While the source of his magical energy may be up for debate, one of his most impressive tricks is the result of practice rather than an act of nature.

It took him three years to master the coin trick, in which he apparently makes a spinning coin or ring levitate and controls its movements.

Professional magicians regard this as one of the more challenging close magic tricks to master and is most impressive when performed with a ring.

Kishinchand makes the ring seem to float through the air before placing it back on the finger of the awed ring owner.

While magic is a hobby, restaurants are in his blood. His family migrated to Hong Kong from Pune, in India's Maharashtra state, more than 50 years ago and opened an Indian restaurant.

"When I was a kid I helped in the restaurant, which I hated," he says.

Today Kishinchand owns one of the Shanghai's oldest Indian restaurants - he was a pioneer of Indian cuisine in the city.

His small, 28-seat eatery opened in 2000 when the only other Indian restaurant was The Tandoor.

But it was nightclubs that first drew Kishinchand into travel around Asia, first as a DJ and then as a nightclub manager.

He first came to Shanghai in 1987 and DJ'd for two years at the Sheraton Hotel. It was only one of two nightclubs in the city at the time.

"In those days we had to play everything from cha-cha to slow songs, to rock and roll. There were not many expats and the crowd was mainly Chinese," he recalls.

During a 15-year career during the 1980s and 1990s, Kishinchand was a DJ in clubs in India, Malaysia, South Korea and China.

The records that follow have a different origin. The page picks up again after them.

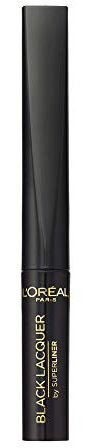 L'Oréal Paris Flüssiger Eyeliner mit weicher und flexibler Feder, Super Liner Black Lacquer Flüssig-Eyeliner, Nr. 00 Black Lacquer, 1 x 1,9 g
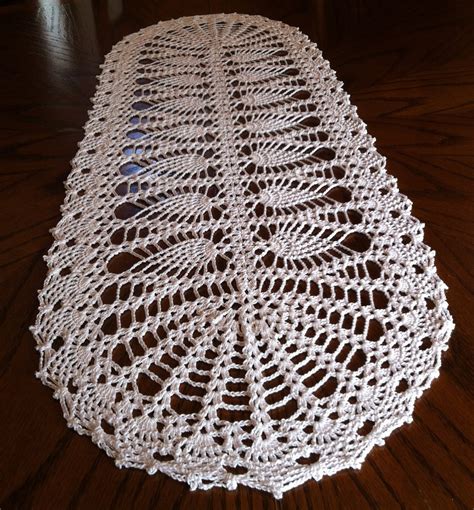 free patterns for crochet table runners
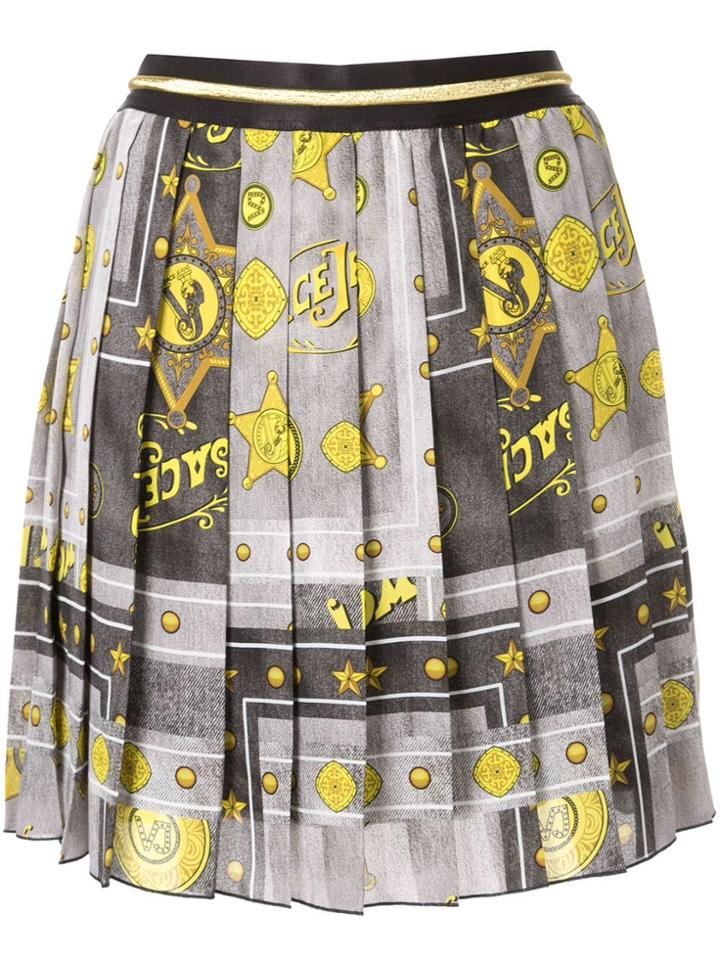 Versace Jeans Pleated Mini Skirt - Grey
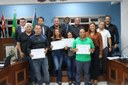 Homenagem realizada durante a realização da 21ª Sessão Ordinária (<a class="download" href="https://www.ilhacomprida.sp.leg.br/institucional/fotos/25-06-19-homenagem-limpeza-urbana/homenagem-aos-funcionarios-da-limpeza-urbana-de-ilha-comprida-25-06-19-2/at_download/image">Download</a>)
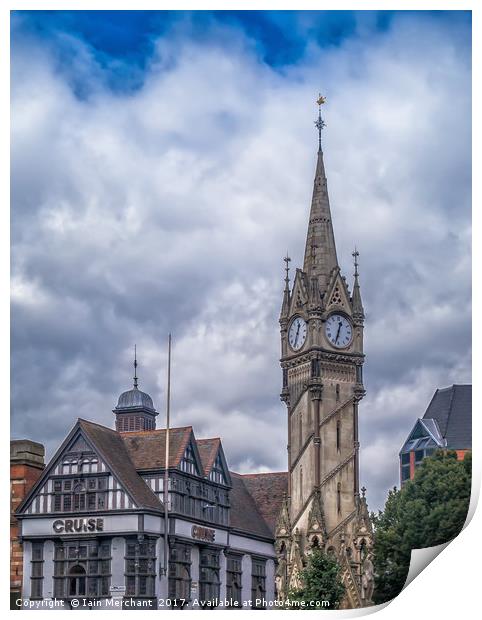 Leicester Clock Tower Print by Iain Merchant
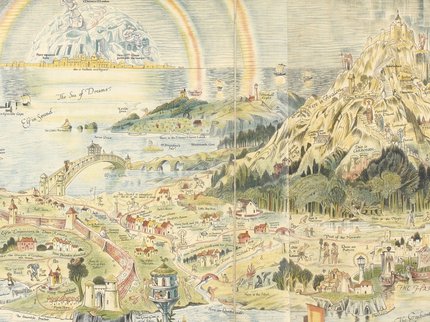 Ancient mappe of Fairyland designed by Bernard Sleigh horizontal crop 1.jpg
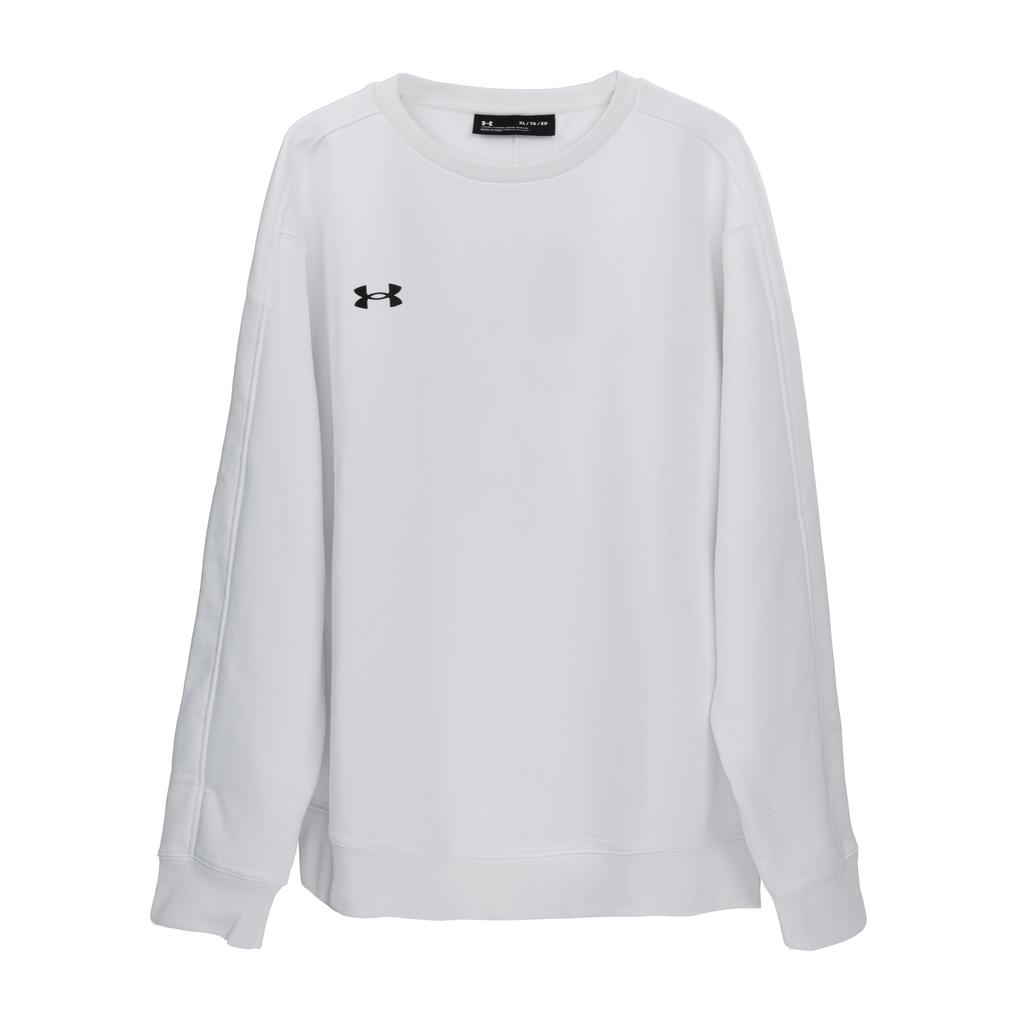 Under Armour Solid Color Crew Neck Long Sleeve Sweatshirt Men Sweatshirt 24600304-100
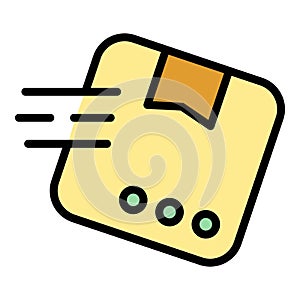 Package delivery icon vector flat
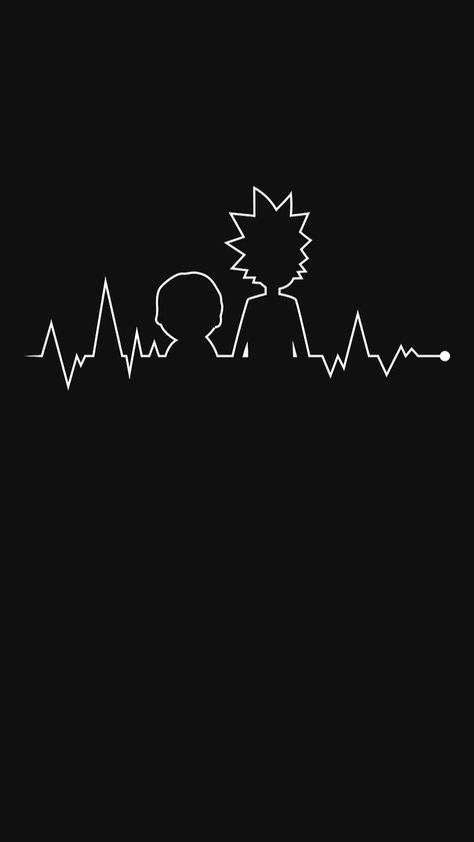 Black Wallpaper Rick And Morty, Rick And Morty Black Background, Rick And Morty Black Wallpaper, Rick And Morty Black And White, Rick And Morty Background, Rick And Morty Aesthetic Wallpaper, Heartbeat Wallpaper, Rick Wallpaper, Wallpaper Rick And Morty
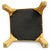 Mustard Vintage 70s Velvet Tufted Parsons Ottoman in the Manor of David Hicks Basketweave MCM For Sale - Image 8 of 10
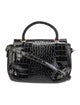 Crossi Patent Leather Handle Bag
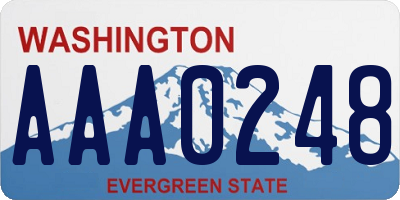 WA license plate AAA0248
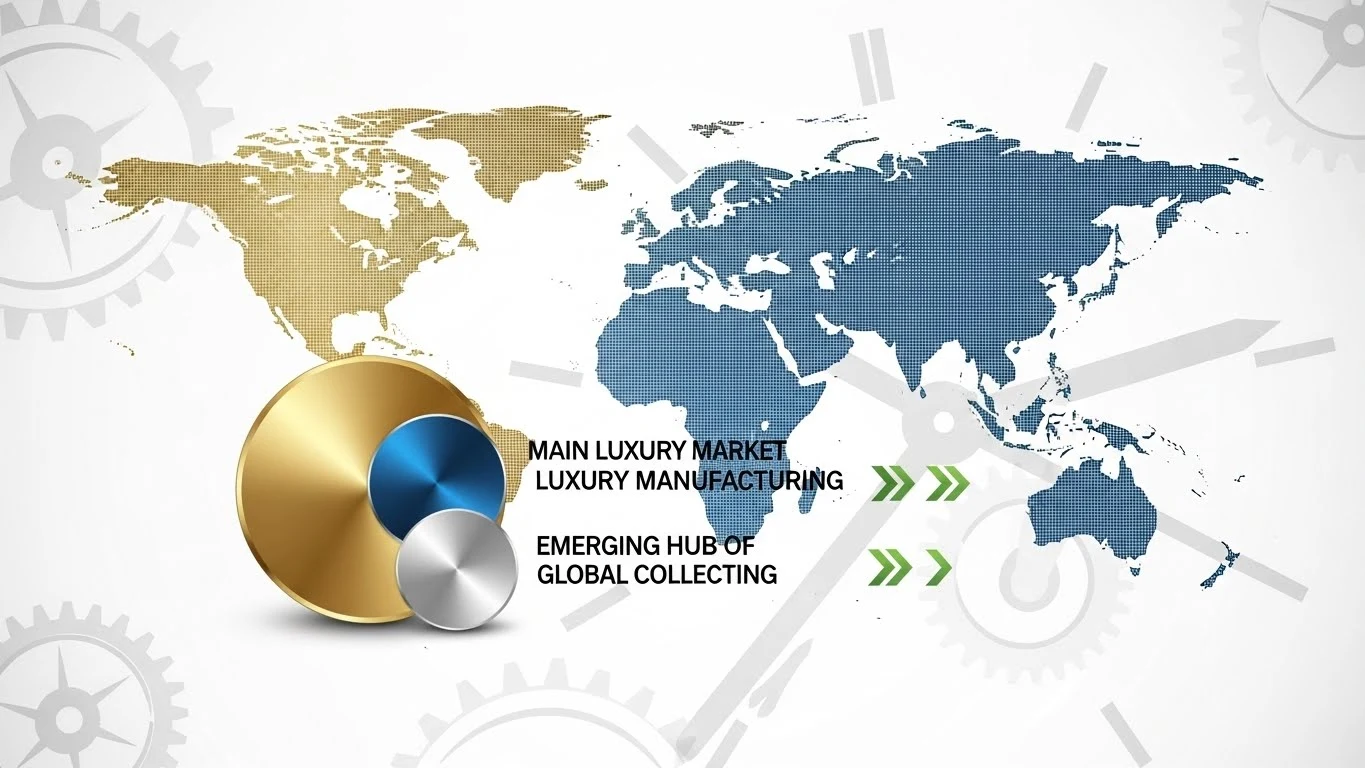 Mapa geopolítico de las exportaciones de relojes mundiales 2026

Before coming to Shanghai in 1997, Kishinchand managed a nightclub in Guangzhou, Guangdong Province.

He returned to Shanghai to run Club Absolute and then ran Club Galaxy, one of the city's most popular clubs at the time.

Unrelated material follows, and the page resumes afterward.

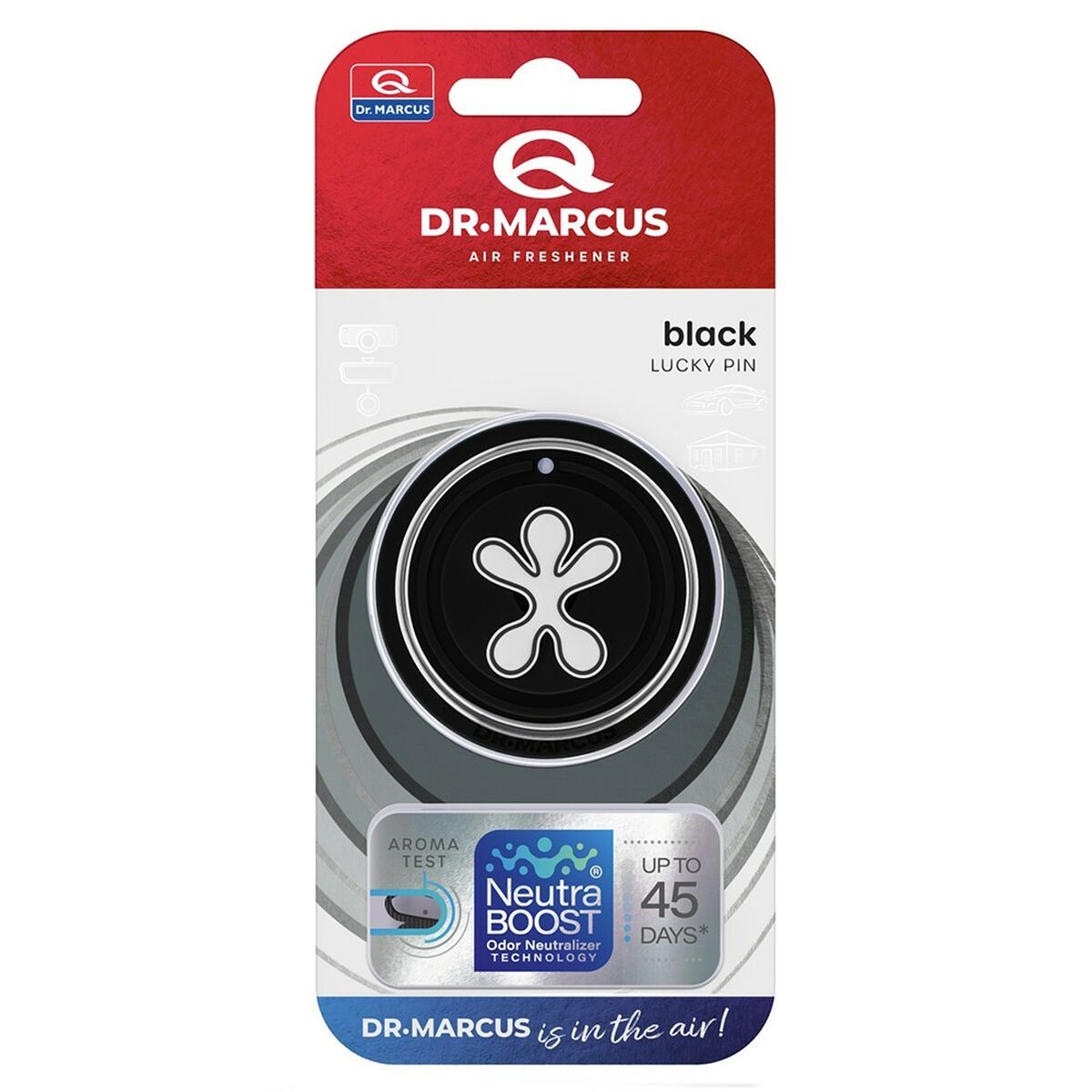 Ambientador para Coche Dr Marcus Lucky Pin black Plástico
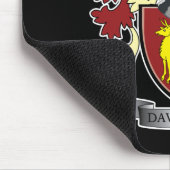 デイヴィッドソンの家紋の紋章付き外衣 マウスパッド (コーナー)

"It was happening. There were lots of expats and lots of students," he says.

"Now it's completely different, people used to really party back then. Nowadays, I don't go to clubs anymore."

During his Asian travels, Kishinchand was also known to spice up a party with an Elvis impersonation with a decidedly Indian flavor.

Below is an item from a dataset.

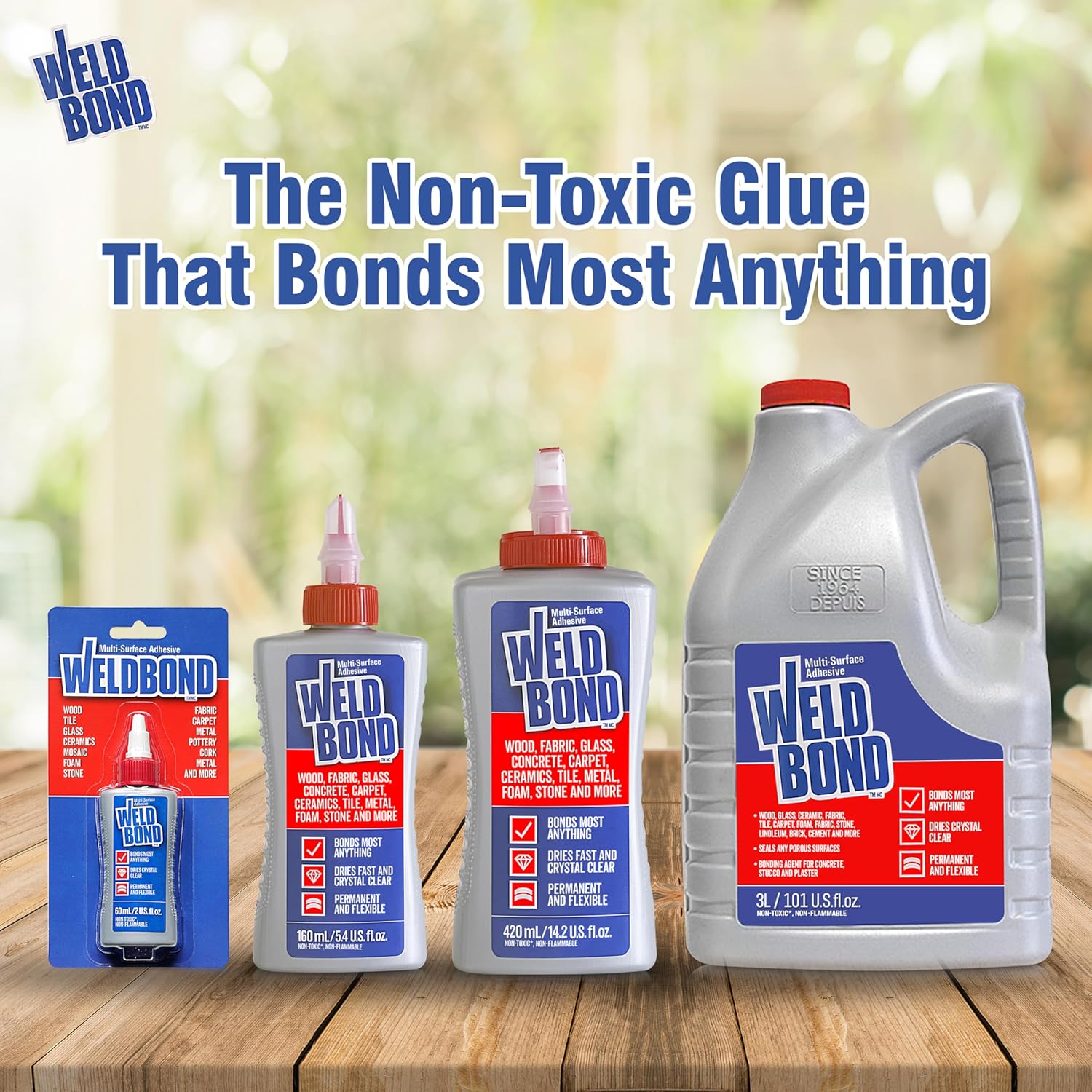 Weldbond Multi-Surface Strong Glue – Fast Drying Glue for Wood, Tile, Ceramic, Pottery, Glass & More – Heavy Duty Adhesive for Mosaic, Crafts, Wood Working & Repairs – 5.4oz (160ml), 1 Pack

From parties to an opening of nightclubs, "The King" would make an appearance.

"I usually sing a couple of songs here and there, and I like the slow songs like 'Can't Help Falling in Love,' 'Surrender,' 'It's Now or Never'," says the Elvis fan.

He owns three sequined suits, in white, black and navy blue, impeccably made in Hong Kong.

While the Elvis suits have long been mothballed, customers keep coming back for the heady mix of magic and masala at his restaurant.

Other gigs in Shanghai have included a role as an Amazon tribal chief in a well-known Pepsi commercial with Brazilian soccer star Ronaldinho.

While the skyscrapers of Shanghai are currently home, like every Elvis impersonator, he says it's the bright lights of Las Vegas that occupy the dreams of this magician and rock-and-roll-crooner.

"My dream is to go to Vegas to control the roulette table - just kidding," he says.

To see some of Kishinchand's tricks, go to Shanghai Daily website at

Vic Kishinchand

Nationality: Indian

Profession: Restaurant owner

Age: 46


Self-description: A gifted Freak.

Favorite place: My home.

Strangest sight: Myself.

Motto for life: Is to tell the truth even when you LIE !

Worst experience: Getting fake notes from taxi drivers.

How to improve Shanghai: Opening up a casino.

Advice to newcomers: Don't trust your LANDLORD.